Star Wars hyperdrive works by moving the ship out of normal space and into
hyperspace. The problem with this is one is out of connect with the universe
(unless one is in turn with the force and someone fries a planet) while
traveling which can result in some really big problems when one arrive at the
intendend destination. Similarlly Star War ships cannot do combat in
hyperspace while Star Trek ships can battle in Warp.
>This all results in
>> Star Trek being only TL 8-9.
>>
>> So If I had to give Krypton a TL I would say TL 8-9 with transportantion in
>> the Pre-Crisis being a 7-8 (Their space program was beyond pathatic)
>
>You are assuming suspended animation?
Jor-el was a Gadgeteer so he could have produced a primative FTL as Superman
stated PreCrisis in Action #500. I should point out that in the comic at
least the trip is not a long one. Action #500 (Pre-Crisis) clearly stated
that Krypton was in the Milky Way galaxy. Action #600 (Post-crisis) not only
put Krypton within the Milky Way galaxy but within 40 light years of Earth
("Friend in Need" pg 7 panel 1)
There are many indirect references both Pre and Post crisis that clearly
put Krypton in the Milky Way galaxy. For example in the story "To Kill a
Hero" Robin looks at a normal star chart and decares that in that reality
the star which Krypton orbited around doesn't exist (clearly impossible if
Krypton was in a different galaxy). The 'Space Exile' and recent "From
Krypton to..." sagas both indicate that Krypton is within the Milky Way
galaxy.
> Braintaping is not the same as forced learning.
On the contrary. Being able to program learning directly into a human
brain IS the same thing as braintaping. The difference of course,
is that in the Star Wars universe a person is more than the sum of their
experiences.
> >So no, medicine is higher.
> >
> >> FTL seems to somewhat primitive to Star Trek so it at 9.
> >
> >How do you define 'somewhat primitive'? Hyperdrive is vastly superior
> >in speeds to Star Trek hyperdrive - in Star Wars, drives capable of
> >crossing the entire galaxy in under a month exist, and Millenium
> >Falcon is even faster than that.
>
> Hyperdrive works by moving an object into hyperspace ie removing it from the
> physical universe.
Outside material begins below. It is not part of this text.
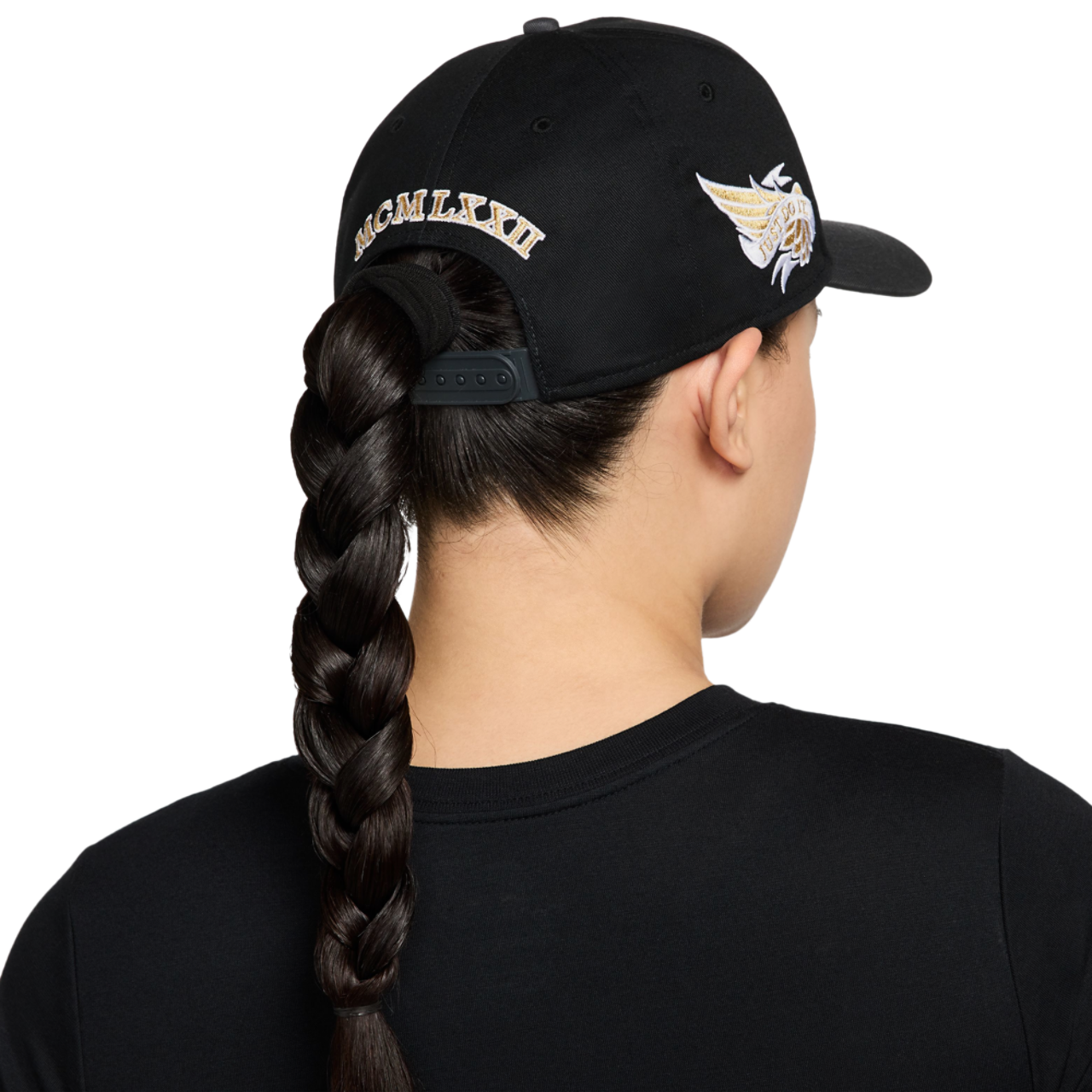 Nike GFX Rise Cap Image 2 of 6. Tap to open photo gallery.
Star Trek uses Warp drive which literally warps normal
> space around it - the Gravity Drive in the movie Event Horizon is baced on a
> similar consept. A Star Trek ship in Warp can react to changes in the
> universe while a Star Wars spaceship is blind, deaf, and dumb until it
> emerges from hyperspace.
Of course that has nothing to do with the relative sophistication of the
technologies involved, but rather with differences in what their
respective multiverses will allow. Even primitive Star Trek ftl drives operate
nothing like Star Wars drives. This is one of those cases where apples are
being compared to crankshafts.
>In the context of the orignal three movies we don't really see anything that
>suggests anything beyond simple cold fusion power (TL 9). I would like to
>point out that efficiency in of itself doesn't indicate anything. A ounce
>(2.5 grams) of pure antimatter can destroy an *entire planet* (TOS episode
>Obsession)
First lesson: Don't get your science from Star Trek.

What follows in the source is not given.